1976年、大阪生まれ。早大卒。「虎がにじんだ夕暮れ」などの小説を執筆する他、プロ野球ファンが高じて「粘着!プロ野球むしかえしニュース」などの野球関連本も多数上梓。各種スポーツ番組のコメンテーターとしても活躍中。

「え、あれが入るの?」阪神・佐藤輝明に感じたロマンを思い出した左翼への一発

公開日: 更新日:

 先週土曜(7月30日)のヤクルト戦で阪神佐藤輝明が放った第16号ホームランには胸が躍った。打った瞬間はレフトライナーかと思うような低い弾道がぐんぐん伸びて甲子園の左翼席に着弾。

「え、あれが入るの?」と思わず目を丸くしてしまった。

 右翼席や右中間の奥深くに飛び込む目が覚めるような大ホームランも痛快だが、佐藤の一番の魅力はこれだと思う。大山悠輔のホームランは白球を豪快に引っ張り上げて、打った瞬間それとわかるような美しいアーチを描くことがほとんどであるのに対して、佐藤はしばしばこういう驚弾を放つことがある。今年4月9日の広島戦で放った第2号ホームランも、逆方向への低いライナーが甲子園のレフトポール際に飛び込んだものだ。

 左打者の逆方向ホームランといえば往年のミスタータイガース・掛布雅之の名言「左に引っ張る」を思い出すが、佐藤のそれは掛布よりもはるかに軽打しているように見える。左に引っ張ったのではなく、左に合わせた打球がスタンドに入っちゃったという感じだ。

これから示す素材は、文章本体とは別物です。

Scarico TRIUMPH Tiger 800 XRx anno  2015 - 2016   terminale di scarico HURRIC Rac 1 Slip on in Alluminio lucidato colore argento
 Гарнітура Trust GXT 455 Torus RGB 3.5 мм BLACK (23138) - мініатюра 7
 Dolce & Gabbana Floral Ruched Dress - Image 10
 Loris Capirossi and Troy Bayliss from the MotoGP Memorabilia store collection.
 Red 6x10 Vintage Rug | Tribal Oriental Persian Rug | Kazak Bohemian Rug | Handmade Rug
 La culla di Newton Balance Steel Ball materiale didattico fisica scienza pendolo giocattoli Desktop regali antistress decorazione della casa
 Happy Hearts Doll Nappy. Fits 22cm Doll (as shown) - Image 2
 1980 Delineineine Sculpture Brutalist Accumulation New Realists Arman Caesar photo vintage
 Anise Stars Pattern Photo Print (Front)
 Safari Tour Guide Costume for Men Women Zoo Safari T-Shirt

 思えば昨年のルーキーイヤー、私が佐藤の出現にとてつもないロマンを感じたのは(佐藤のことを怪物だと確信したのは)、オープン戦でのことだった。12試合に出場し、打率3割2厘、6本塁打、9打点と新人離れした好成績を残したことは周知の通りだが、個人的にもっとも衝撃的だったのは6本塁打のうち4本が左方向だったことだ。このころの佐藤は先述した「え、あれが入るのか?」といったホームランをよく打った。軽いスイングで逆方向に合わせたような低い打球があれよあれよという間に左翼席に飛び込むのだ。